What follows is a set of records, each of which is to be written out exactly.

═══ PROVIDED ENTRIES ═══

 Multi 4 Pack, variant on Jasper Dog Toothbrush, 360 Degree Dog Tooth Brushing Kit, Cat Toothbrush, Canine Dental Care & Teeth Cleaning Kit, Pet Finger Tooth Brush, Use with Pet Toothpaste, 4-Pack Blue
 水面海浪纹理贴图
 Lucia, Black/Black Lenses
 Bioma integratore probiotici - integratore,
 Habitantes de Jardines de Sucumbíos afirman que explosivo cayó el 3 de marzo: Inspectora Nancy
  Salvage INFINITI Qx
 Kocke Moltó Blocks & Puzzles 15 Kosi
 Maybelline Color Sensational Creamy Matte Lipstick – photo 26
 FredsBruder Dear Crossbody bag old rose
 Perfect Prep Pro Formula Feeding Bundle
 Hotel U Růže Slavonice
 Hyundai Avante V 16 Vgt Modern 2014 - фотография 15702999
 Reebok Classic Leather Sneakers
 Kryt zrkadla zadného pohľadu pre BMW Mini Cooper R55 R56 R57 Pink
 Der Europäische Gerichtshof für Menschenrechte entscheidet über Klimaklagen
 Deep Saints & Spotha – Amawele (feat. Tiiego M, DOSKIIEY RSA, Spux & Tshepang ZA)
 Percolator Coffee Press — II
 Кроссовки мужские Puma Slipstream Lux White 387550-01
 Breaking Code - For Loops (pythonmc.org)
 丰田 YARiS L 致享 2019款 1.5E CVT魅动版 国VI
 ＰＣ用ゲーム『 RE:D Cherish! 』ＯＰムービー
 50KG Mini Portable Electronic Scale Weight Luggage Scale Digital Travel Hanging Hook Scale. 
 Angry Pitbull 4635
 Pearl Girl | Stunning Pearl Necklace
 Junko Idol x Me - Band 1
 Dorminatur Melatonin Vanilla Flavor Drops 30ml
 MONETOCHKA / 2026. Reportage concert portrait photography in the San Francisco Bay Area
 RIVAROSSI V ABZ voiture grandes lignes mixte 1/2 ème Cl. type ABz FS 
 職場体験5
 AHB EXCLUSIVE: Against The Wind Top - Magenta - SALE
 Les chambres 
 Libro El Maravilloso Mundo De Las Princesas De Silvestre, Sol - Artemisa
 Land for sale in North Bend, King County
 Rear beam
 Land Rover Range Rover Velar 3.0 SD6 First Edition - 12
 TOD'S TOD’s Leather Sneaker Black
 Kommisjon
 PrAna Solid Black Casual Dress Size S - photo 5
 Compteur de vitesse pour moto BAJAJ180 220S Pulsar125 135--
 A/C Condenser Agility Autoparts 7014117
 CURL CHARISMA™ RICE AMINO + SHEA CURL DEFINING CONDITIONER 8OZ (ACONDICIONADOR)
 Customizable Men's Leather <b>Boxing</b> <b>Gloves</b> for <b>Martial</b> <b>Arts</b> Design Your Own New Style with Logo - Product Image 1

═══

* WRITTEN SOLUTION:
 Multi 4 Pack, variant on Jasper Dog Toothbrush, 360 Degree Dog Tooth Brushing Kit, Cat Toothbrush, Canine Dental Care & Teeth Cleaning Kit, Pet Finger Tooth Brush, Use with Pet Toothpaste, 4-Pack Blue
 水面海浪纹理贴图
 Lucia, Black/Black Lenses
 Bioma integratore probiotici - integratore,
 Habitantes de Jardines de Sucumbíos afirman que explosivo cayó el 3 de marzo: Inspectora Nancy
  Salvage INFINITI Qx
 Kocke Moltó Blocks & Puzzles 15 Kosi
 Maybelline Color Sensational Creamy Matte Lipstick – photo 26
 FredsBruder Dear Crossbody bag old rose
 Perfect Prep Pro Formula Feeding Bundle
 Hotel U Růže Slavonice
 Hyundai Avante V 16 Vgt Modern 2014 - фотография 15702999
 Reebok Classic Leather Sneakers
 Kryt zrkadla zadného pohľadu pre BMW Mini Cooper R55 R56 R57 Pink
 Der Europäische Gerichtshof für Menschenrechte entscheidet über Klimaklagen
 Deep Saints & Spotha – Amawele (feat. Tiiego M, DOSKIIEY RSA, Spux & Tshepang ZA)
 Percolator Coffee Press — II
 Кроссовки мужские Puma Slipstream Lux White 387550-01
 Breaking Code - For Loops (pythonmc.org)
 丰田 YARiS L 致享 2019款 1.5E CVT魅动版 国VI
 ＰＣ用ゲーム『 RE:D Cherish! 』ＯＰムービー
 50KG Mini Portable Electronic Scale Weight Luggage Scale Digital Travel Hanging Hook Scale. 
 Angry Pitbull 4635
 Pearl Girl | Stunning Pearl Necklace
 Junko Idol x Me - Band 1
 Dorminatur Melatonin Vanilla Flavor Drops 30ml
 MONETOCHKA / 2026. Reportage concert portrait photography in the San Francisco Bay Area
 RIVAROSSI V ABZ voiture grandes lignes mixte 1/2 ème Cl. type ABz FS 
 職場体験5
 AHB EXCLUSIVE: Against The Wind Top - Magenta - SALE
 Les chambres 
 Libro El Maravilloso Mundo De Las Princesas De Silvestre, Sol - Artemisa
 Land for sale in North Bend, King County
 Rear beam
 Land Rover Range Rover Velar 3.0 SD6 First Edition - 12
 TOD'S TOD’s Leather Sneaker Black
 Kommisjon
 PrAna Solid Black Casual Dress Size S - photo 5
 Compteur de vitesse pour moto BAJAJ180 220S Pulsar125 135--
 A/C Condenser Agility Autoparts 7014117
 CURL CHARISMA™ RICE AMINO + SHEA CURL DEFINING CONDITIONER 8OZ (ACONDICIONADOR)
 Customizable Men's Leather <b>Boxing</b> <b>Gloves</b> for <b>Martial</b> <b>Arts</b> Design Your Own New Style with Logo - Product Image 1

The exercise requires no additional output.